In July 2001, the Chief Justice of Puntland, Yusuf Haji Nur declared himself the acting President of Puntland following the expiration of Ahmed's presidential term. However, Abdullahi Yusuf Ahmed disputed Nur's claim and maintained that he was the rightful President, Yusuf Haji Nur served as the interim President starting from July 1, 2001 - November 14, 2001, in the office of the president as interim.

In November 2001, Abdullahi Yusuf Ahmed, the first president of Puntland, was forcibly removed from the capital by the opposition after he refused to leave office despite his term expiring. The opposition convened a council and elected Jama Ali Jama as the new president. Yusuf Haji Nur, who had previously declared himself acting president, handed over the position to the newly elected president, Jama Ali Jama. This power struggle led to a two-year civil war in Puntland. Jama assumed the role of acting president on November 14, 2001, but his tenure was short-lived, lasting only six days until November 21, 2001.

In 2003, Mohamud Muse Hersi 'Adde', a former Lieutenant general, organized a militia group consisting primarily of members from the Osman Mohamoud sub-clan of Majeerteen. They established a base in El Afweyn, Somaliland, General Adde's forces attempted two unsuccessful attacks on Puntland from their base in El Afweyn. In response to the escalating conflict, traditional elders from Puntland intervened and facilitated a peace agreement between General Adde Muse and Abdullahi Yusuf Ahmed.

The peace agreement, signed in May 2003, led to a collaboration between the two leaders, with their forces combining and power being shared between them, Ahmed then regained the presidency and served his second term from 2003, until October 14, 2004.

=== Somali Federal elections ===

After Yusuf's election as President of the Transitional Federal Government (TFG) in October, the Vice President at that time, Mohamed Abdi Hashi, took over the presidency of Puntland. His interim term as President lasted from October 14, 2004, to January 8, 2005.

== Candidates ==

- Abdirahman Farole, former minister of finance
- Mohamed Abdi Hashi, incumbent president and the first vice president of Puntland
- Mohamud Muse Hersi, Late General and Military leader.
- Abshir Muse Said a new candidate

== Results ==
General Mohamud Muse Hersi emerged victorious as the President of Puntland after three rounds of voting. The final round pitted General Adde Muse against Mohamed Abdi Hashi of votes for each round is as follows:

| Candidate | First round |  | Second round |  | Third round |  |
| Votes | % | Votes | % | Votes | % |
| Mohamed Abdi Hashi | 27 | 41.54 | 29 | 44.62 | 30 | 46.15 |
| Mohamud Muse Hersi | 18 | 27.69 | 21 | 32.31 | 35 | 53.85 |
| Abdirahman Mohamed Farole | 15 | 23.08 | 15 | 23.08 |  |  |
| Abshir Musa Said | 5 | 7.69 |  |  |  |  |
| Total | 65 | 100.00 | 65 | 100.00 | 65 | 100.00 |
Source: African Elections Database

== Reactions ==
The international community and local residents welcomed the free and fair elections held in Garowe.

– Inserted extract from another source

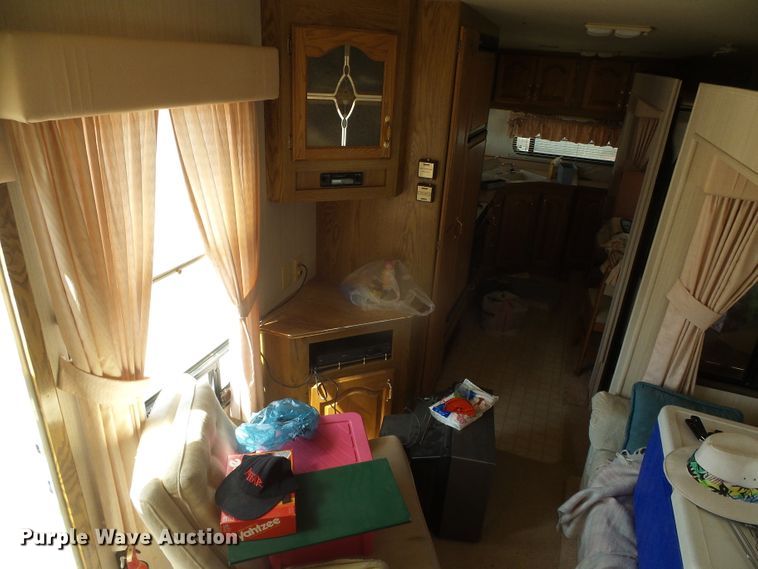 image for item DG0190 1990 Travel Supreme camper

As a result, Gen. Adde Muse secured the presidency, succeeding his runner-up Mohamed Abdi Hashi, who had replaced Abdullahi Yusuf Ahmed after assuming the President of Somalia . The position of Vice President of Puntland was won by Hassan Dahir Afqurac.

The elected president, Adde Musa, is expected to appoint the council of cabinet within the next 45 days according to the Puntland constitution.